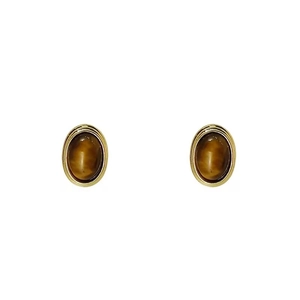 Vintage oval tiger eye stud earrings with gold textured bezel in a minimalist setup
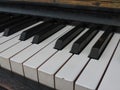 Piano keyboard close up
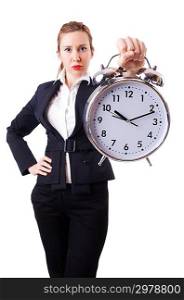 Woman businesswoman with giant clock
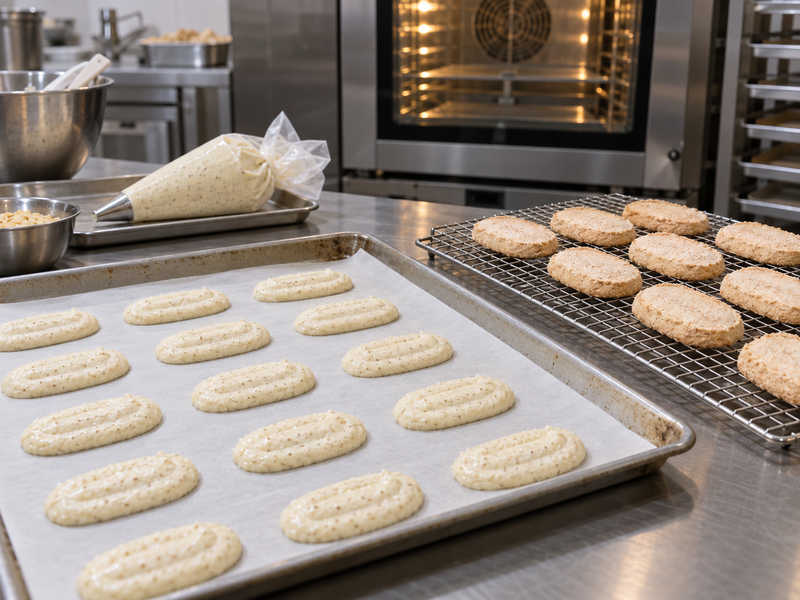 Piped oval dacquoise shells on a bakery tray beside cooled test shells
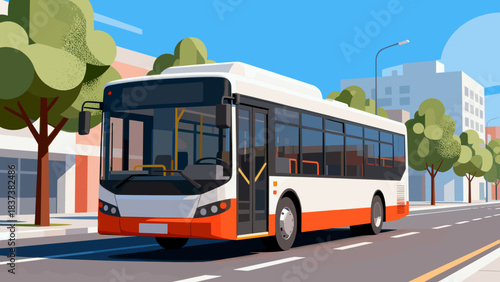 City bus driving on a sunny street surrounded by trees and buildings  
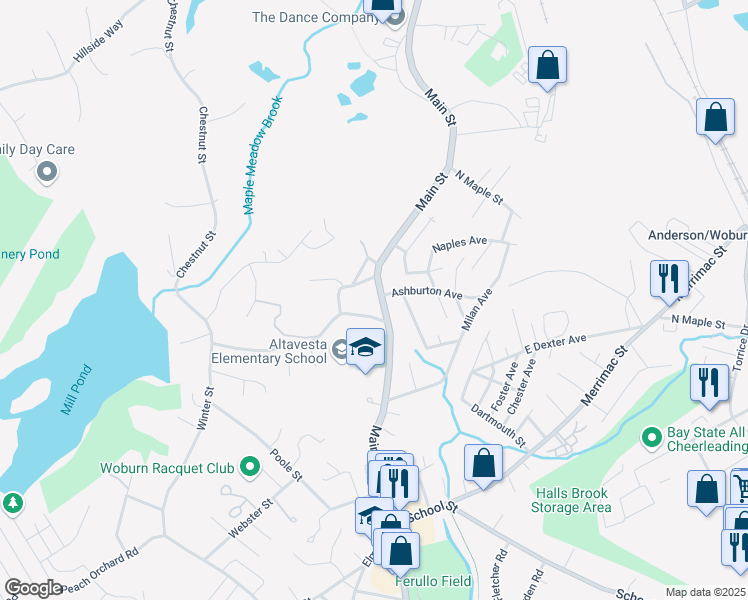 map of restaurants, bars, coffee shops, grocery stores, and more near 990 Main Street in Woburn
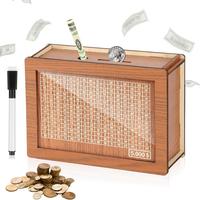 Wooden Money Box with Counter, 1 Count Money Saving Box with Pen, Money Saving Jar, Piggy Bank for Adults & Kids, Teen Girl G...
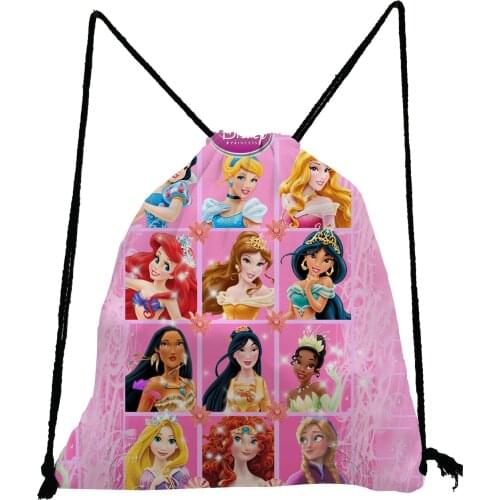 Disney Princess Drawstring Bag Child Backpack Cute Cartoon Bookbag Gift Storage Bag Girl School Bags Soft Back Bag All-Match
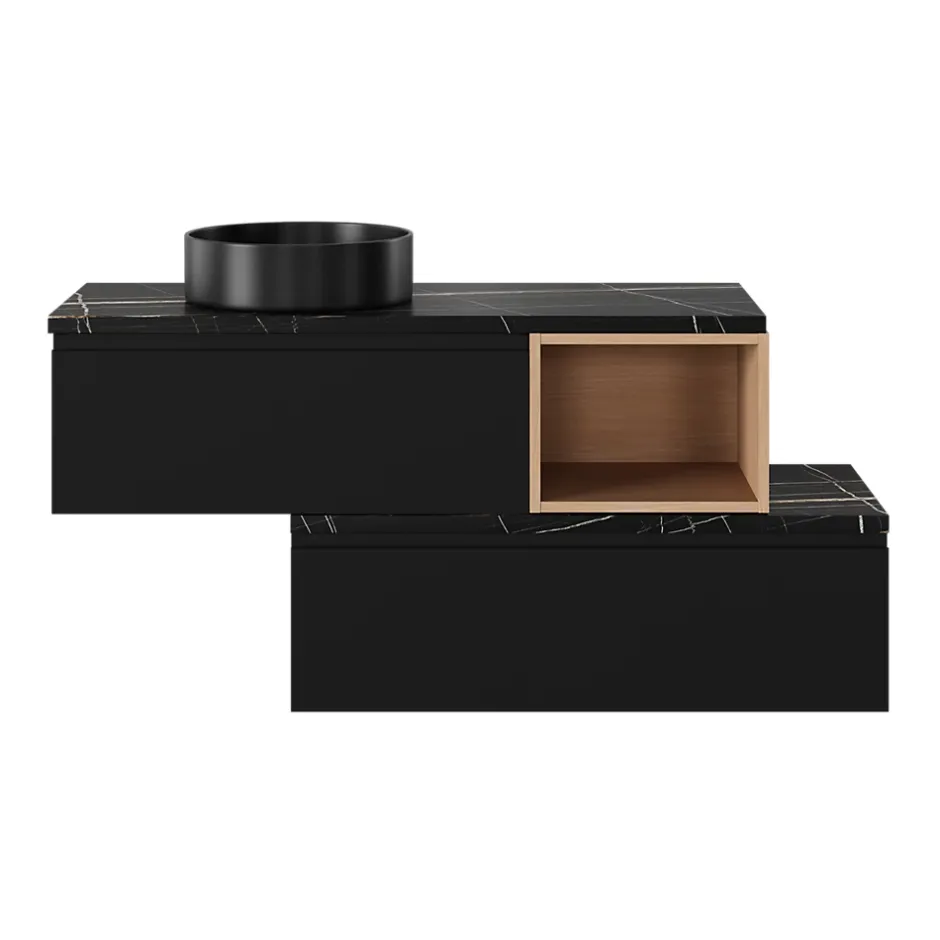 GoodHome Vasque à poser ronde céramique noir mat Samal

==

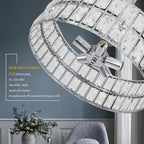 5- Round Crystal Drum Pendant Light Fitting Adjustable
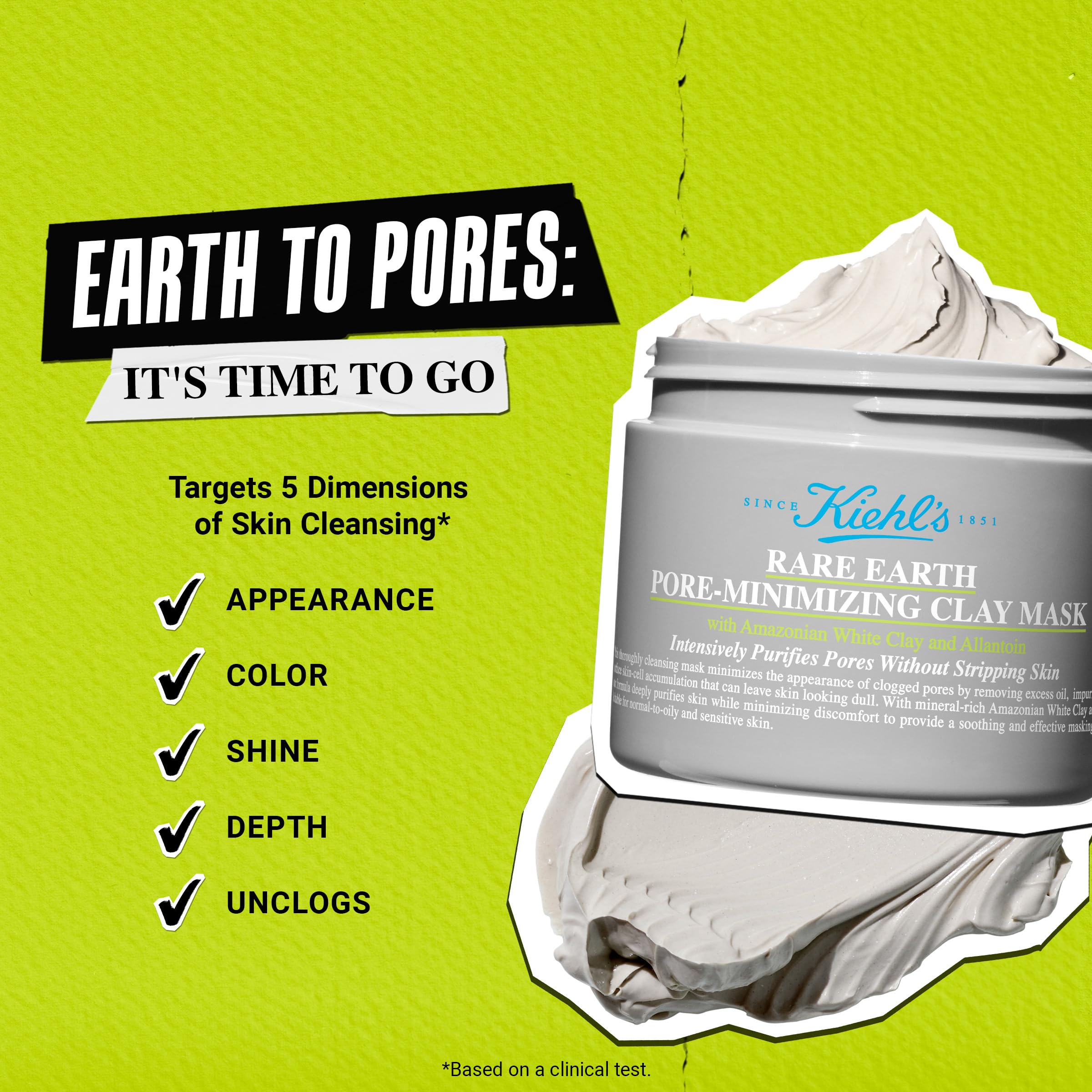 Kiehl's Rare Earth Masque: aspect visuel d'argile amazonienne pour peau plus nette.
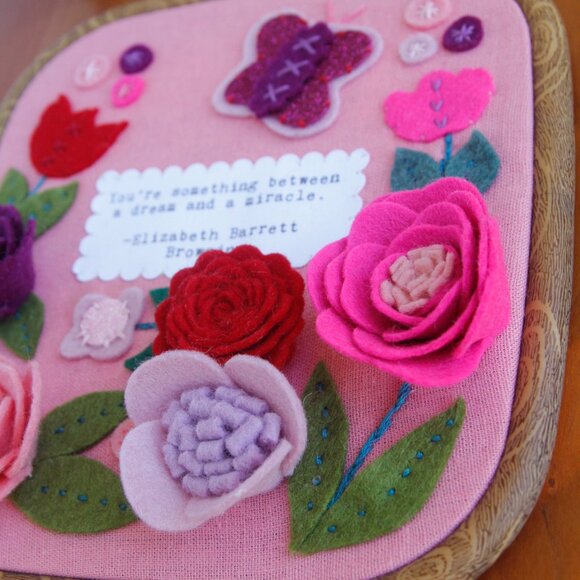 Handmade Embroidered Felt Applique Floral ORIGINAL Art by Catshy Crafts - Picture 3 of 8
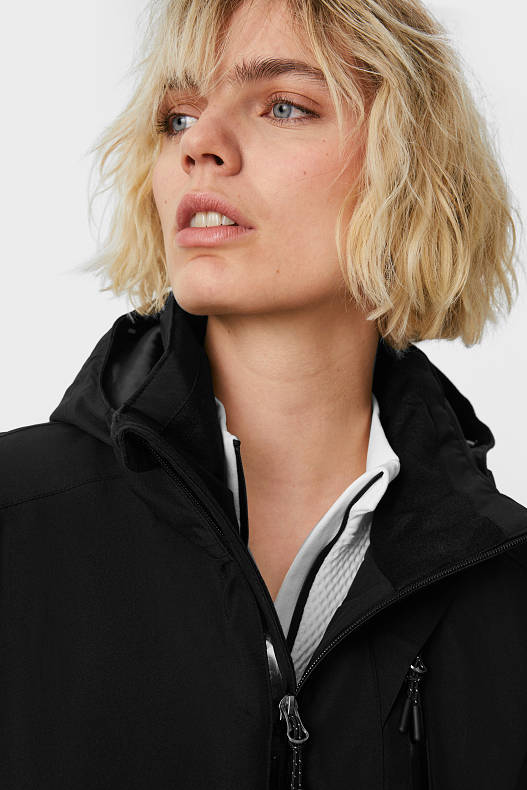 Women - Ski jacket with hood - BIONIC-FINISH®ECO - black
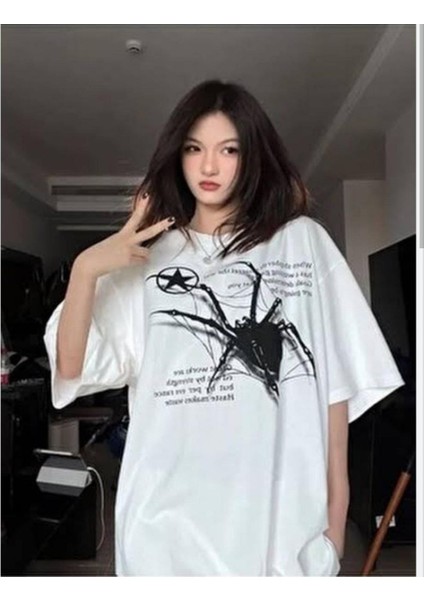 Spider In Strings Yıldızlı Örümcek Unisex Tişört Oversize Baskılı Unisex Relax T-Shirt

→ ACTIVITY: In the material above, one part opens with the line containing "Disney Princess Drawstring" and closes with the line containing "GoodHome Vasque à". Write out that part exactly and skip its pictures.

→ ANSWER TO THIS PROBLEM:
 Disney Princess Drawstring Bag Child Backpack Cute Cartoon Bookbag Gift Storage Bag Girl School Bags Soft Back Bag All-Match
 GoodHome Vasque à poser ronde céramique noir mat Samal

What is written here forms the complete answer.